ハワイに派遣され、2年目に入り、学校や生活にも慣れ、余裕を持って活動に取り組むことができました。授業は生徒がクラスメートと楽しくも、深く学べるように実施してきました。
生徒が楽しく学ぶために、授業中の練習は色々な難易度や方法を組み合わせ、生徒が飽きないように工夫しました。文化紹介ではできるだけ体験をいれるようにしました。相撲であれば、腕相撲や指相撲をやったり、お正月には、年賀状を日本語学習中のインドネシアやアラスカの高校生と交換したりしました。生徒たちは楽しそうに授業に取り組んでいて、やってよかったと感じました。
そのほかに、生徒が日本語を通して、深く考え、学んでほしいと思い、問いかけたり、考える機会を増やしました。自己紹介ひとつとっても、その目的を問いかけてからおこないました。また「おにぎりアクション」という、SNSにおにぎりの写真をハッシュタグ付きで投稿すると発展途上国に給食が届けられる取り組みに参加しました。このときも、ただ発展途上国に給食が届くというだけでなく、その先にどんな影響があるかを考えてもらいました。
日本語教師として、こういった活動に取り組みながら、私自身も成長することができました。今後も日本語が使えるようになる授業をすることはもちろん、深い学びにもつながるような授業をしていきたいです。

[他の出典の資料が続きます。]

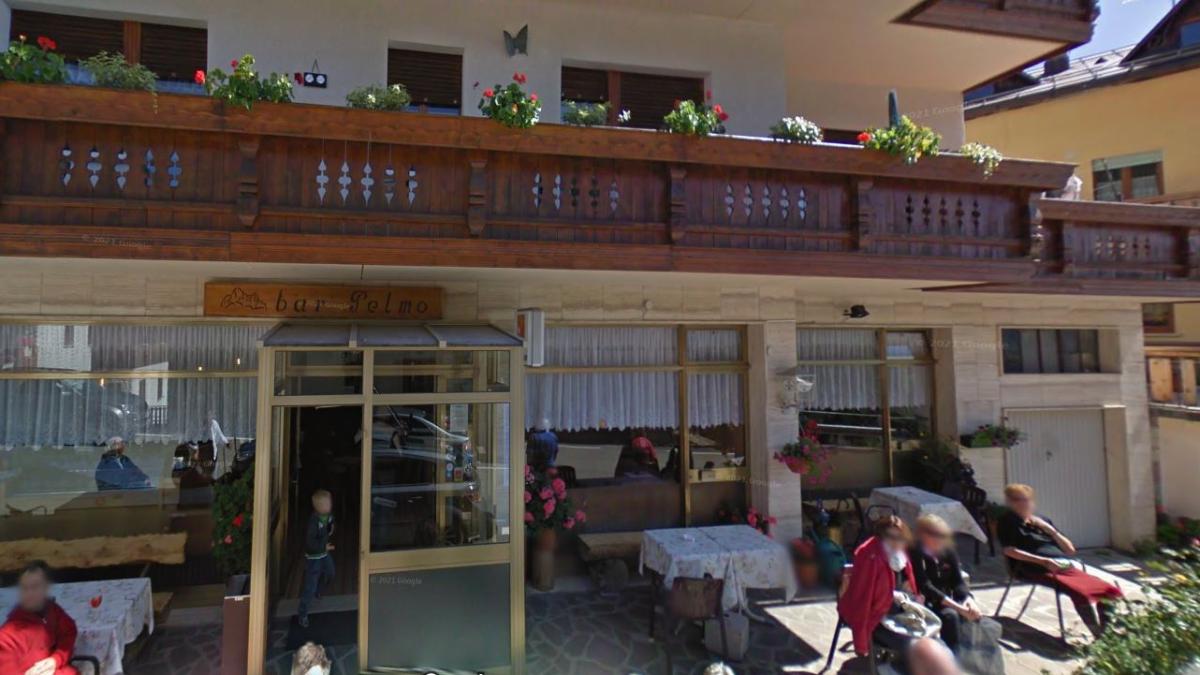 un-sat--situat-in-muntii-dolomiti-din-italia--face-angajari--ofera-3-mii-de-euro-pe-luna-pentru-administrarea-barului-din-localitate_22790500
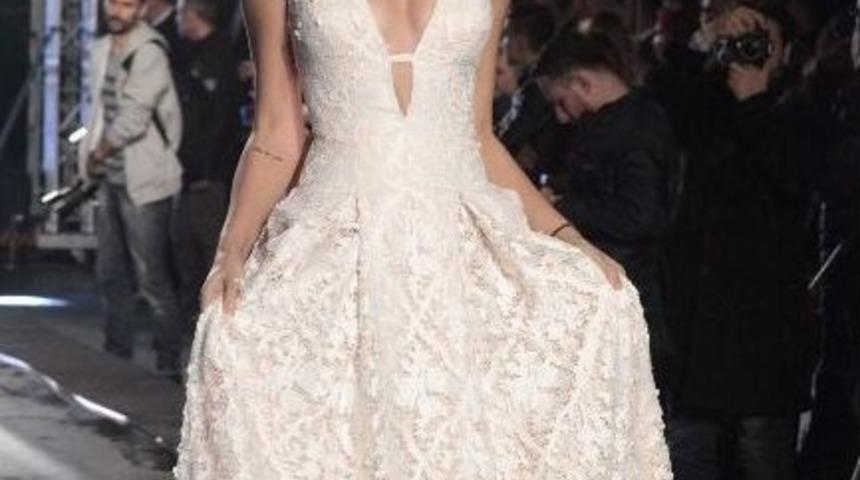 İzmir&rsquo;de Sevgililer G&uuml;n&uuml;ne &Ouml;zel Defile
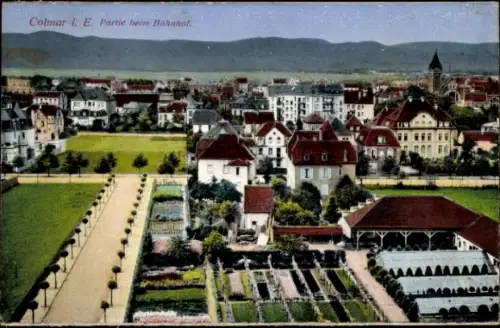 Ak Colmar Kolmar Elsass Haut Rhin, Luftaufnahme von  Bahnhof, Wohnhäuser, Gärten, Straßen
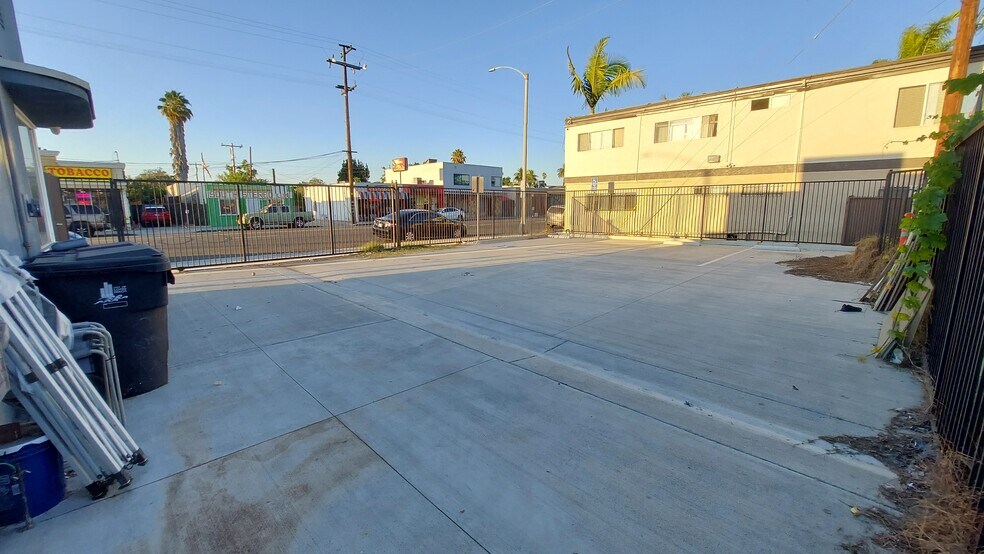 More Photos Of 800 E South St, Long Beach Office For Sale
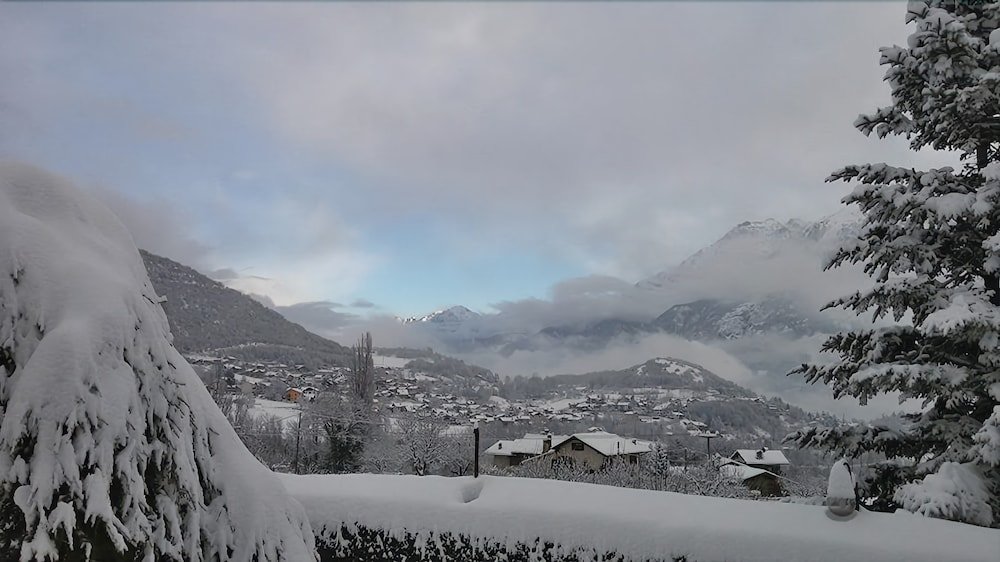 Фото La Roche Hotel Appartments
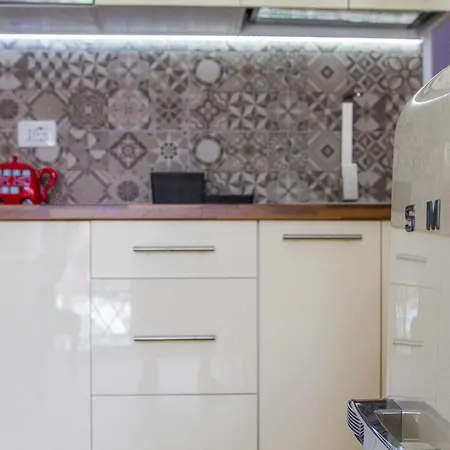 White House - Piro Apartment *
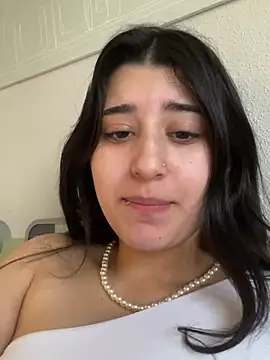 Snapshot of SashaLuss_ chatting on March 18, 2025, 4:50 pm SashaLuss online show from March 18, 2025, 4:50 pm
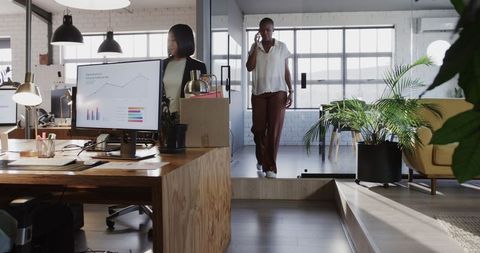 Modern office teamwork discussion among professionals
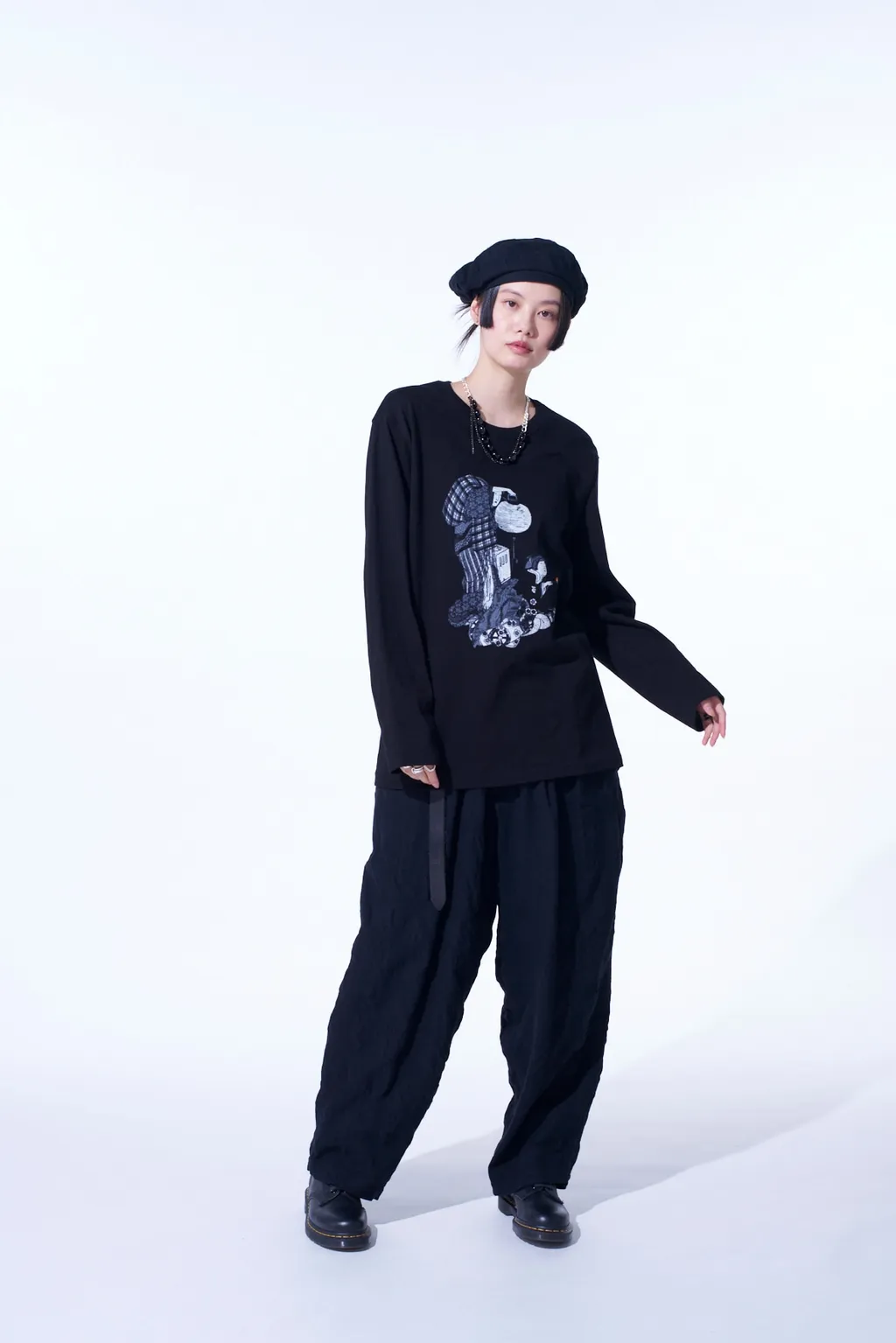 Ukiyo-E Graphic Long-Sleeved T-Shirt Flowers And Lanterns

ハワイで日本文化を広める!日本文化サマースクール・カウアイ高校で文化紹介

派遣校外で印象的だった活動が2つあります。1つは日本文化を体験できるサマーキャンプ、もうひとつがカウアイ高校でおこなった日本文化の授業です。
1つ目の日本文化のサマーキャンプは小学生向けのもので、ハワイ日本文化センター(Japan Cultural Center of Hawaii)が実施している5日間のプログラムです。参加した子どもたちはたくさんの日本文化を体験することができます。具体体にはおりがみ、生け花、大福作り、書道、和太鼓、盆踊りなど非常に多岐にわたりました。また、各活動は子ども向けに工夫されており、子どもたちはどの活動にも非常に楽しそうに取り組んでいました。私もこういった活動を日本で子どもたちにしたいと思っていたので、いいロールモデルを見ることができて、勉強になりました。
2つ目のカウアイ高校での日本文化紹介では、カウアイ島で唯一、日本語の授業を実施しているカウアイ高校の日本語のクラスとハワイ語のクラスで日本文化の紹介をしました。カウアイ島のいろいろなところで神社や日本語など日本語文化が根付いていることを感じていたので、島内に住む生徒たちに少しでも日本文化を知ってもらう機会ができてよかったと思っています。

派遣期間を超えても日本とハワイの架け橋に

私は派遣先や地域の日本語教育にさまざまな形で貢献してきました。また、私が派遣された2年間だけでなく、その後にもつながるような活動を心がけてきました。
まず、先に述べたように、派遣校において日本語の授業を通じた貢献ができたと考えています。自分が作成した教材については、今後もリードティーチャーに使ってもらえるよう、丁寧に引き継ぎを行いました。また、日本語の授業以外では、派遣校と日系企業をつなぐことができました。その企業の方とはビーチクリーン活動で知り合いました。その企業の協力で、次の学期に日本人ピアニストが派遣校を訪問し、音楽を通じた交流が行われる予定です。日本語に限らず、日本人と派遣校の生徒がさまざまな形で交流できる機会を作れたことを嬉しく思っています。
地域への貢献としては、既に述べたサマーキャンプで子どもたちに日本文化を教え、ハワイ大学で開催された日本文化クイズ大会の文化体験ブースでボランティアもおこないました。イベント終了後も、関係者や知人と活動を共有し、次の会には多くの人が関われるよう配慮してきました。
ハワイの日本語教育は活発で、活動を通して、私は本当に多くの学びを得ることができました。今後もアメリカ、特にハワイと日本の子どもを繋げられる架け橋になり、恩返しをしていきたいと思っています。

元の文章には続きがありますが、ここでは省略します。